序盤から西武台は速いプレスからのピッチを大きく使った攻撃でペースを作っていく。対する埼玉平成は中盤あたりまではボールを運ぶも、味方のサポートが少なく、西武台のプレッシャーにつかまってしまい、なかなかゴール前まで侵入することができない。それでもディフェンスの部分ではポジショニングのバランスを崩さず、集中力を保って西武台の攻撃を跳ね返し続ける。

西武台は前半26分、岩本のボール奪取から、右サイドの山口拓真がキーパーとディフェンスの間にグラウンダーのクロス。これに丸山敦司が合わせるがまたしてもゴールポストに阻まれてしまう。するとその1分後には埼玉平成にチャンス。中盤でボールを奪うと、山崎祥平が遠くから狙っていく。これはキーパーに阻まれたが、この試合初めて埼玉平成がシュートまで持ち込む。

形を作りながらもなかなか得点に結びつけることができなかった西武台だが、それでも前半34分、ついに先制点を挙げる。「守備時のボールの読みと展開力」が持ち味という今井祐太朗がハーフウェイライン付近でボールを奪うとドリブルを開始。

「今井が良い位置でボールを取ってくれたので、自分が走ればチャンスになると思って信じて走った」という田中が前線に走りこむと、その足元にゴール前で横パスが入る。これを田中が冷静に決めて西武台が先制に成功する。

その後も組織的な守備で埼玉平成に自由な展開を許さず。前半のシュートを1本に抑えた西武台が1点リードで試合を折り返す。

まずは同点としたい埼玉平成は後半開始と同時に速攻をかける。西武台のキックオフのボールを奪うと、最後は山崎祥が狙っていくが、西武台GK高麗稜太の好守に遭いゴールならず。それでも立ち上がりから点を取りにいく姿勢を見せる。

しかし次の得点を決めたのは西武台。後半4分、スローインからの一連の流れから英賀慎之介が縦パスを送る。そのボールを丸山がヒールで落とし、最後は田中がシュート。「アイコンタクトもできていて、イメージが共有できたゴールだった」という田中のこの日2点目で西武台がリードを広げる。

畳み掛ける西武台は今井のボール奪取からの展開力を生かした攻撃や岩本のドリブル突破、山口のシュートなどで圧力をかけていく。後半12分には山口、丸山とつないで中央にグラウンダーのクロス。田中がスルーしたボールに後ろから走りこんだ岩本が合わせたが、これはクロスバーを叩く。

すると後半15分に追加点。今井の右コーナーキックから美川笙乃が打点の高いヘディングでそらすと、この日は左サイドバックとしての出場ながらフォワード、センターバックもこなす相葉航希が合わせて3点目。「練習中から意識していた」(西武台・今井)という形からの得点でリードをさらに広げる。

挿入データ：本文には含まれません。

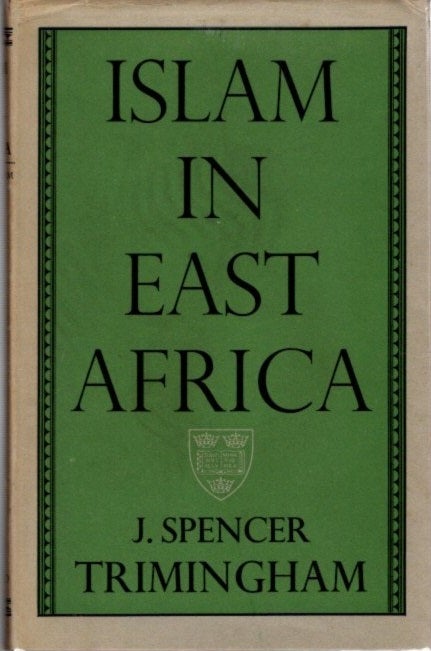 Item #22532 ISLAM IN EAST AFRICA. J. Spencer Trimingham.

なんとか前に出ようとする埼玉平成は縦に速い攻撃からチャンスを狙うも、なかなか西武台の守備網を突破することができない。

さらに西武台は後半26分、3点目を決めた相葉が左サイドを突破しエリア内に侵入。2人、3人と引きつけると、中央でフリーとなった山口に絶妙なパスを送る。これに山口が右足で合わせて4点目。

埼玉平成はアディショナルタイム、後方からのロングボールに新井が合わせるもジャストミートせず。全校応援の前でなんとか1点をもぎ取ろうと最後まで攻め続けたが得点を奪うことができず、4-0で西武台が準決勝進出を決めた。

今年は新人大会、関東予選、総体予選と3大会でベスト4を逃してきた西武台。「いろいろと試行錯誤をしながら子供たちも頑張ってくれたし、ここを目指して最後までやってくれた結果だというのを認めてあげたい」と守屋保監督。

その一方で「今日はファーストディフェンスを敵のサイドバック、ワンボランチのところに置いたが、ルーズになってしまうところがあった。ベスト4の試合を考えた時に、こちらの圧倒した守備から相手が攻撃意識を失っていくような試合に持ち込まないと」と気を引き締めた。

西武台は準決勝で第2シードの聖望学園高校を破った浦和南高校と対戦する。今井主将は「浦和南はフォワードの高さがあるので、セットプレーは特に注意していきたい。集中力を切らせないようにして、ノーファールでやっていきたいと思う」と準決勝に向けての対策を語った。

一方、敗れた埼玉平成・浦田尚希監督は「西武台は強かった。我々はまだやらなくてはいけないことが多いと感じた試合だった。プレッシャーゲームの中で厳しい試合だったが、もう少し後ろからつなぐことができればよかったと思う」と試合を振り返った。

それでも今年は1次予選から常連校が名を連ねる決勝トーナメントに進出し、2年生が主体のチームで初のベスト8進出を果たした。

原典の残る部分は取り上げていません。